About 250,000 teenagers could be locked out of school indefinitely, causing serious disruption to their education and massive headaches for working parents.
Education Minister Richard Bruton and school managers have accepted widespread school closures as "inevitable" if teachers withdraw from supervision and substitution work from Monday, November 7.
The same schools will be hit by the first in a series of one-day ASTI strikes on Thursday October 27. They will reopen on October 28, then shut later that day for the week-long break.
The ASTI's double industrial action whammy will affect up to 520 schools - those traditionally, or currently, run by the religious, as well as the community and comprehensive sector.
The October 27 stoppage is the first in a series of seven threatened up to December 7, which, in themselves, would cause huge disruption this term.
But even more serious is the plan to withdraw from supervision and substitution from November 7, which means that most schools will not re-open after the mid-term because of lack of cover.
It's not good news for ASTI members either, with Education Minister Richard Bruton confirming that they will be removed from the payroll if their school is forced to shut.
The Department of Education has confirmed that if a school manages to stay open, ASTI members will continue to be paid, even if they are not doing supervision and substitution.
The ASTI said the threat to dock pay on days when union members would be available to carry out their core teaching duties was "most serious", and that any such development would have to be considered by the ASTI 23-member Standing Committee, its governing body.
Department officials and school management representatives meet tomorrow to finalise arrangements for a contingency plan to recruit external supervisors, such as parents, to replace teachers in this work.
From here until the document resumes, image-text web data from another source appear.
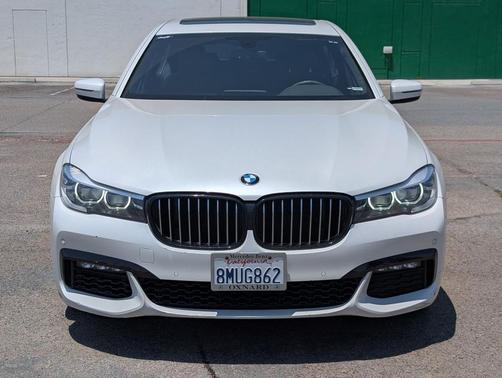 2018 BMW 740 740i 4D Sedan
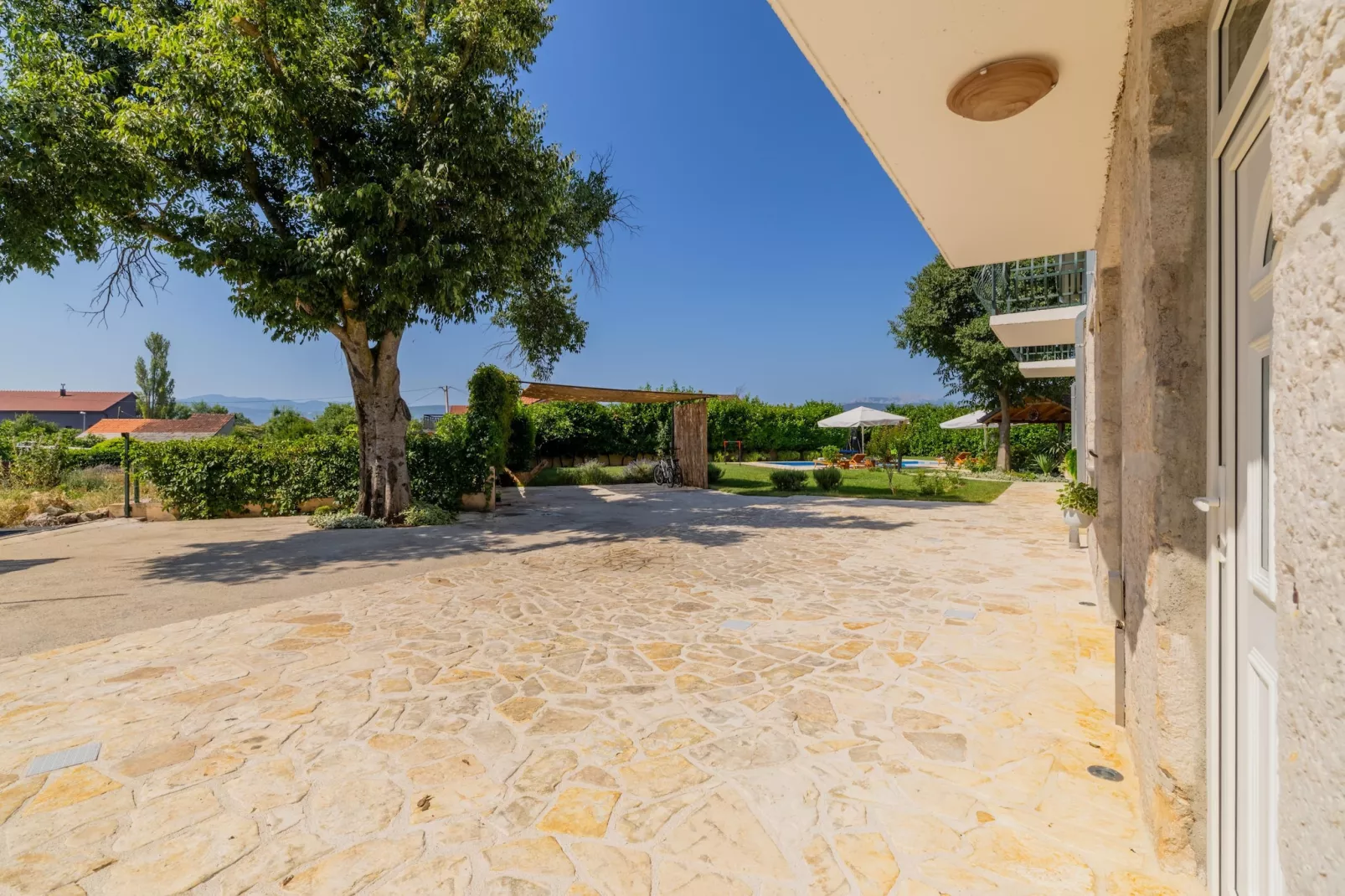 Villa Lavandis - Außenbereich Sommer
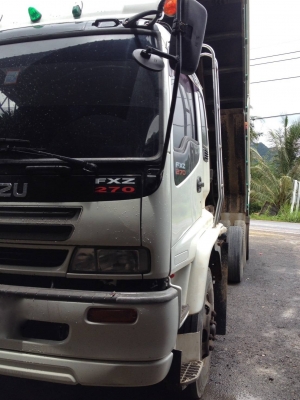 รถอีซุซุ 10 ล้อดั้ม FXZ 270 แรงม้า ปี 47. สนใจติดต่อ 081 - 6079515
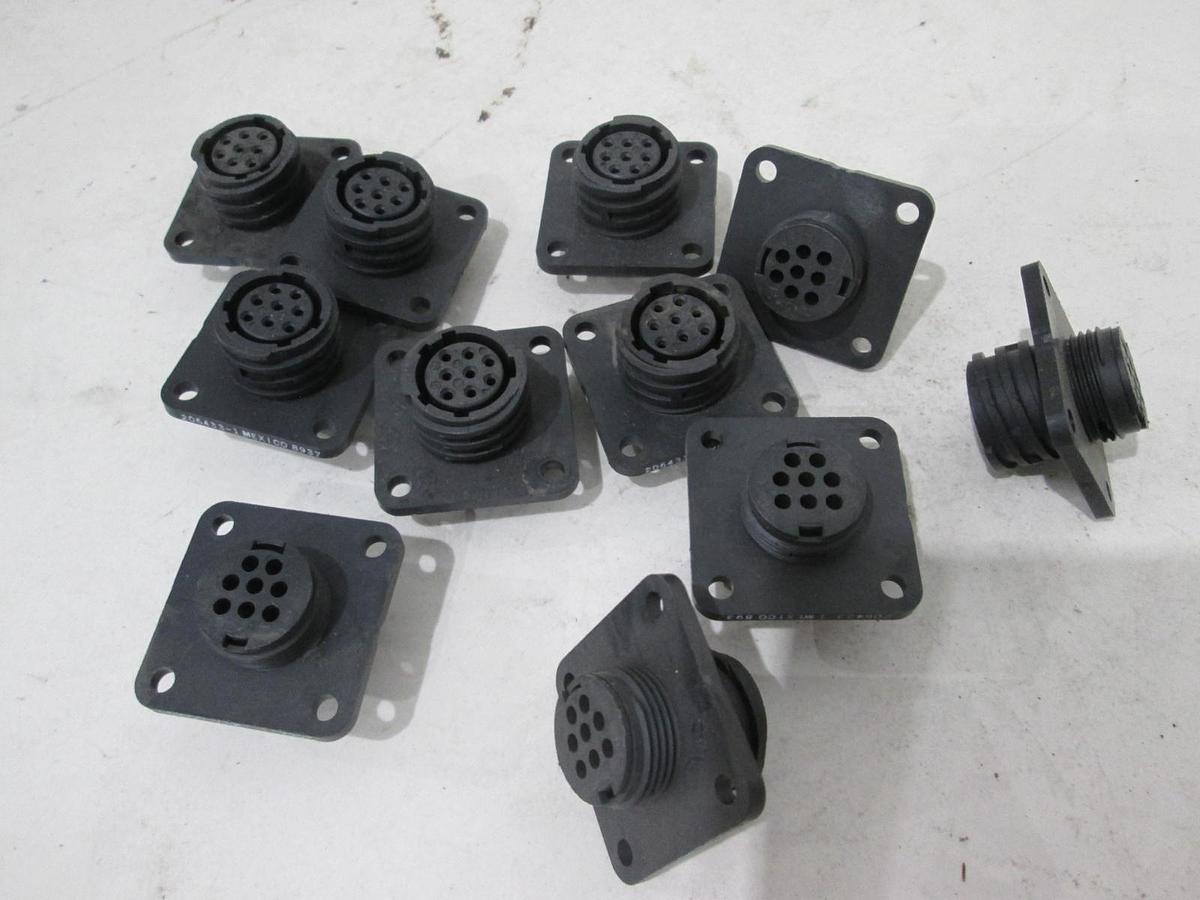 Amphenol, 206433-1, 8 Pin, Female Connector, New, Lot of 11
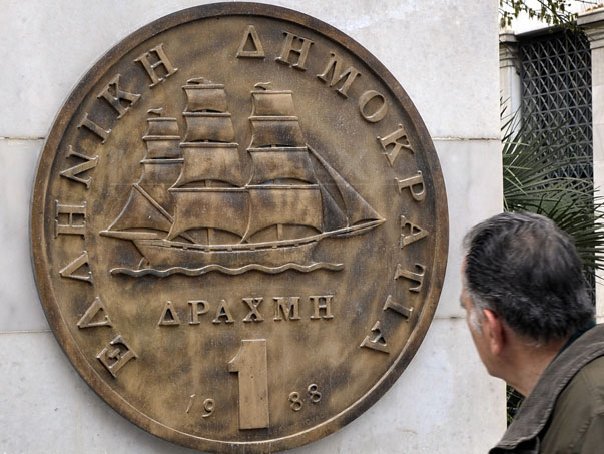 Grecia ar putea reveni la drahmă. De ce ar fi nevoită țara să renunțe la euro - drahmagreciaafp-1315814483.jpg
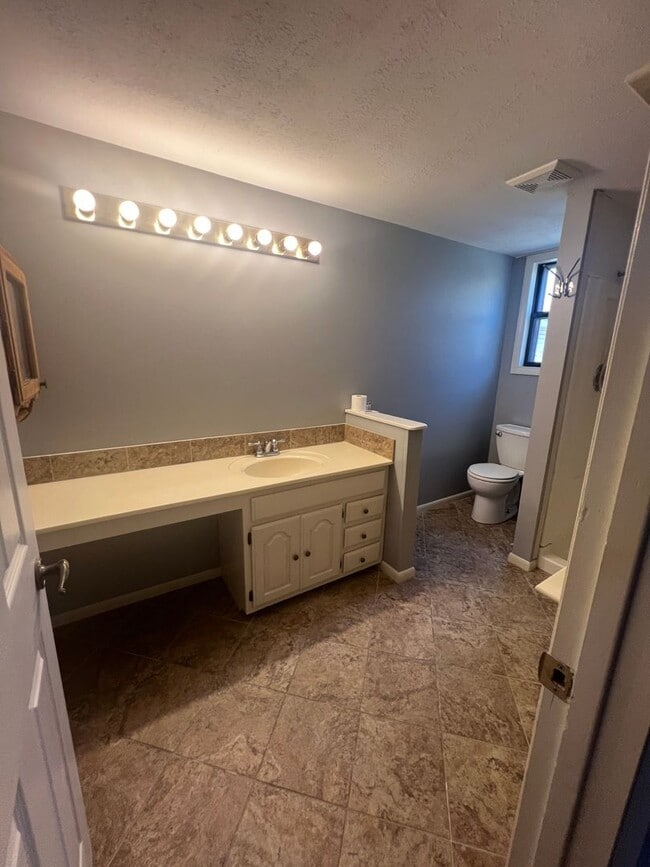 Building Photo - 3 bedrooms/2 bathrooms with detached 2 car...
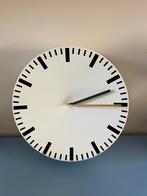 Hay wandklok, Huis en Inrichting, Woonaccessoires | Klokken, Ophalen of Verzenden, Zo goed als nieuw, Wandklok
External supervisors are likely to be offered €38 for a two-hour session to supervise before and after school and during breaks, and in the event of a teacher's absence from class.
But their efforts may amount to nothing more than going through the motions.
With only three weeks to November 7, and no ASTI derogation for principals to allow them to help to make alternative arrangements, it means that the contingency plan is largely unworkable.
Apart from the time involved in advertising and recruiting, external supervisors would have to go through Garda vetting, which school managers say would take until the end of November.
The Joint Managerial Body (JMB) represents about 380 of the affected schools, and its general secretary John Curtis said the implementation of any contingency scheme was dependent on ASTI co-operation. As this was not forthcoming, it would inevitably result in wholesale school closures, he said.
The JMB is also concerned that the ASTI action will lead to "serious inequity" for students if some schools are open and others are closed.
Mr Curtis said it was incumbent on all parties to work towards finding agreement.
The one-day strikes and withdrawal from supervision and substitution are linked to the ASTI's rejection of the Lansdowne Road Agreement (LRA), which has started restoring austerity-era pay cuts. The ASTI is demanding full restoration in the short term, but Mr Bruton said that was untenable because the knock-on cost across the public service would be €2.3bn.
While the action threatened from the end of this month relates to pay, the ASTI is involved in other disputes, including the ban on co-operating with Junior Cert reforms, which school managers say must also be sorted now.